Приходит он, например, и видит банку с одеколоном. Тотчас намечает ее своим сверкающим взглядом и, показывая на нее пальцем, с презрением спрашивает:
— Это что?
— Одеколон.
— Зачем нужен?
— Обтираюсь им.
— Гм! Обтираетесь. Разве прелое место есть?
— Нет; прелого места нет.
— Так зачем же такая низость!
— Кому же это вредно?
— Еще и спрашиваете: лучше бы сами пожрали да другого накормили.
— Пойдемте, — накормлю.
— Что же одного-то кормить… сказали бы, так я бы еще человек пять позвал.
Другой раз он застает на комоде белье, принесенное прачкою, и опять тычет пальцем:
— Чьи рубашки?
— Разумеется, мои.
— Сколько тут?
— Кажется, четыре.
— Зачем столько?
— А по-вашему, сколько рубашек можно иметь человеку?
— Одну.
— И будто у вас всего одна?
— Нет; у меня ни одной.
— Без шуток, ни одной?
— Какие шутки, мы не такие друзья, чтобы шутить шутки.
С этим он расстегнул блузу и показал нагое тело.
— Вот вам и шутки.
— Возьмите у меня рубашку.
— Могу.
Он взял поданную ему рубашку, пошел за занавес, а оттуда кричит:
— Нож!
— Вы не зарежетесь?
— Это не ваше дело.
— Как не мое дело! Я не хочу, чтобы вы здесь у меня напачкали кровью.
— Эка важность!
— Нет, не режьтесь у меня.
— Не зарежусь — я нынче пожравши.
— Нате вам нож.
Послышался какой-то треск, и что-то шлепнуло.
— Что это вы сделали?
Он вместо ответа выбросил отрезанные от обоих рукавов манжеты и появился сам в блузе, из-под обшлагов которой торчали обрезки беспощадно оборванных рукавов рубашки.
Этак ему казалось лучше, но тоже не надолго, — завтра он явился опять без рубашки и на вопрос: где она? — отвечал:
— Скинул.
— Для какой надобности?
— У другого ничего не было.
Таков он был в бесконечном числе разных проявлений, которые каждого в состоянии были убедить в его полнейшей неспособности ни к какому делу, а еще более возбудить самое сильное недоразумение насчет того: какое он мог сделать политическое преступление?

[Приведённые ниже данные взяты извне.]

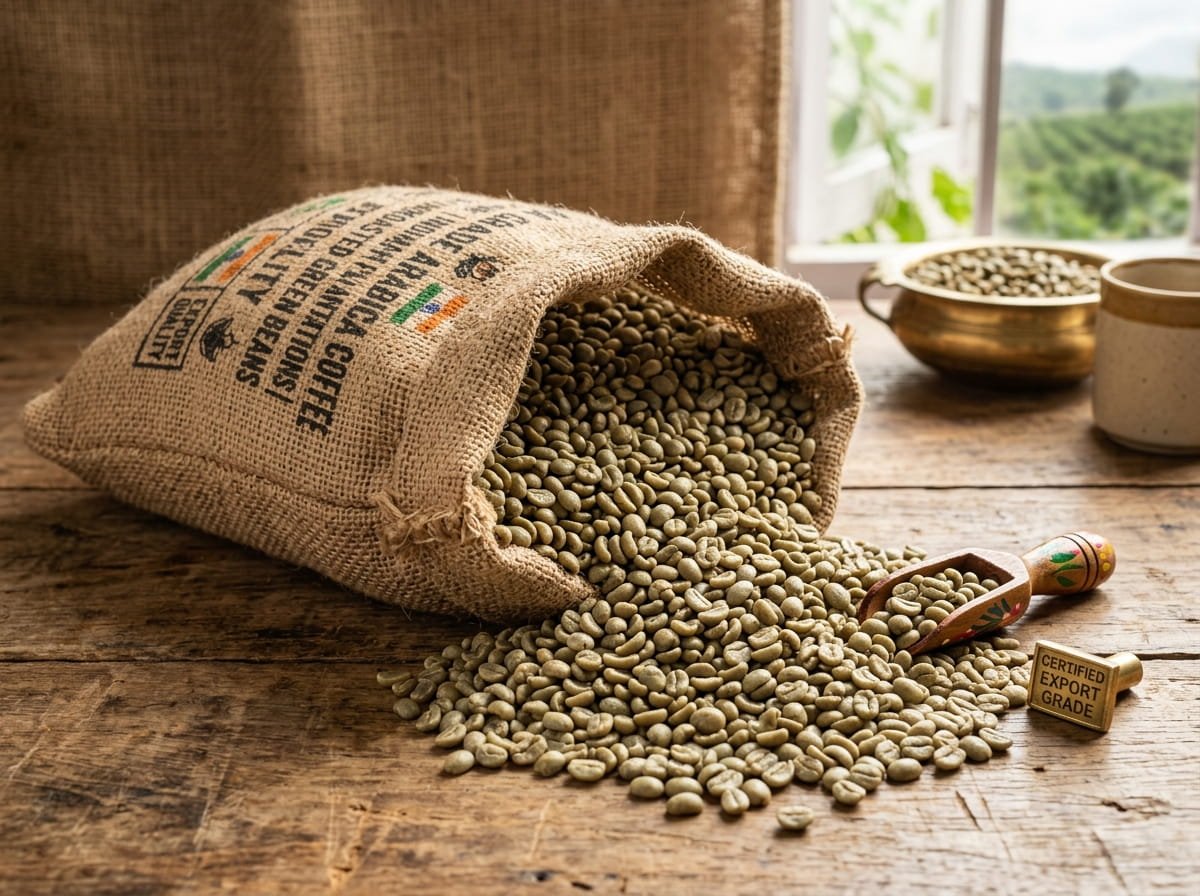Arabica Coffee Beans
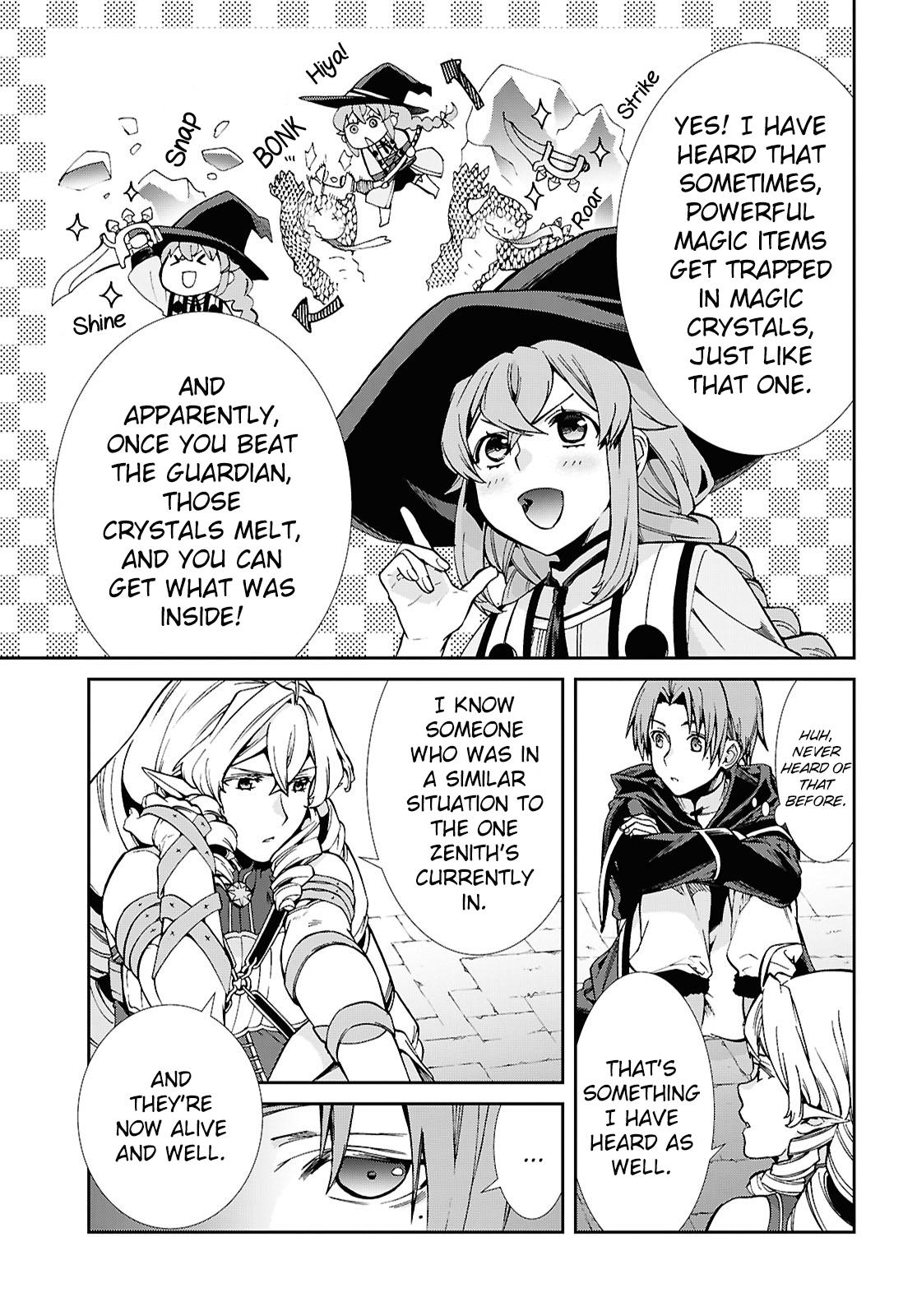 Mushoku Tensei – Isekai Ittara Honki Dasu Chap 108 - Next Chap 109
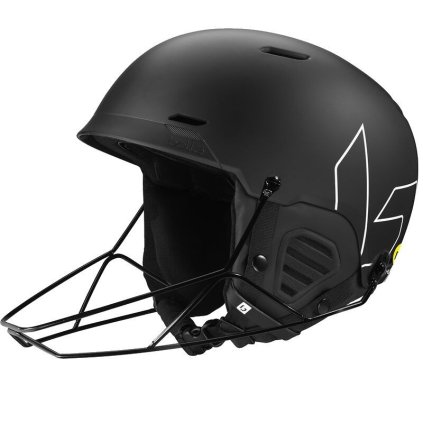 BOLLE MUTE MIPS BLACK MATTE M LYŽIARSKA PRILBA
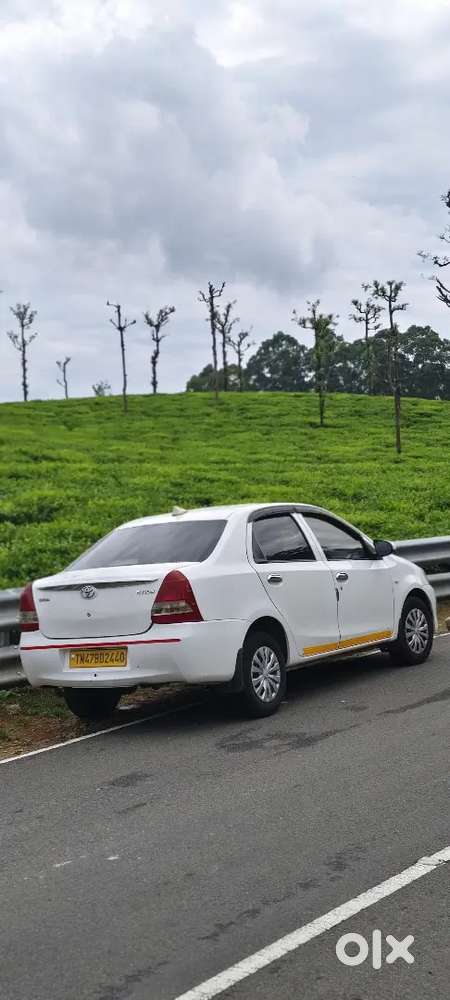 Toyota Etios 2017
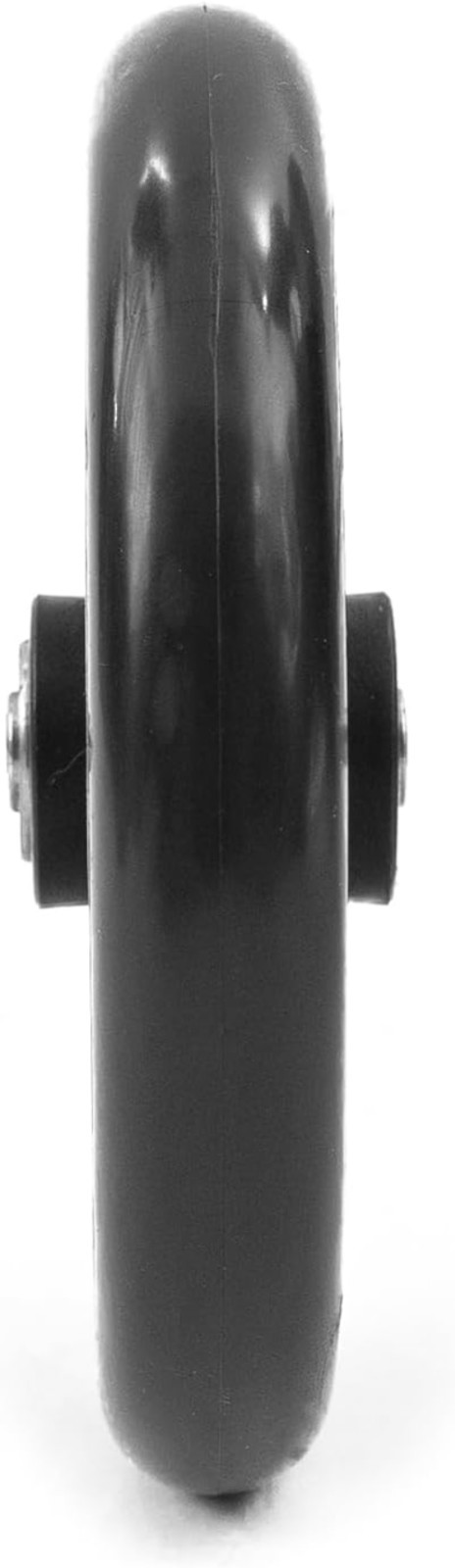 Universal 6-Inch Rollator Walker Wheels with Durable PU Tires - Safe Replacement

А между тем это-то и было самое интересное. Но Шерамур на этот счет был столь краток, что сказания его казались невероятны. По его словам, вся его история была в том, что он однажды «на двор просился».
Как и что? Это всякого могло удивить, но он очень мало склонен был это пояснять.
— Бунт, — говорит, — был. Мы все, техноложцы, в институт пришли — вороты заперты, не пущают. Мы стали проситься на двор пустить, — пихать начали. Меня взяли.
— Ну а потом?
— А потом — я ушел.
— Зачем?
— Да что же ждать — неизвестно бы куда засудили.
И больше ничего не добьетесь, да и сомнительно, есть ли чего добиваться.
До сих пор говорю с чужих слов — теперь перехожу к личным наблюдениям, которые были счастливее.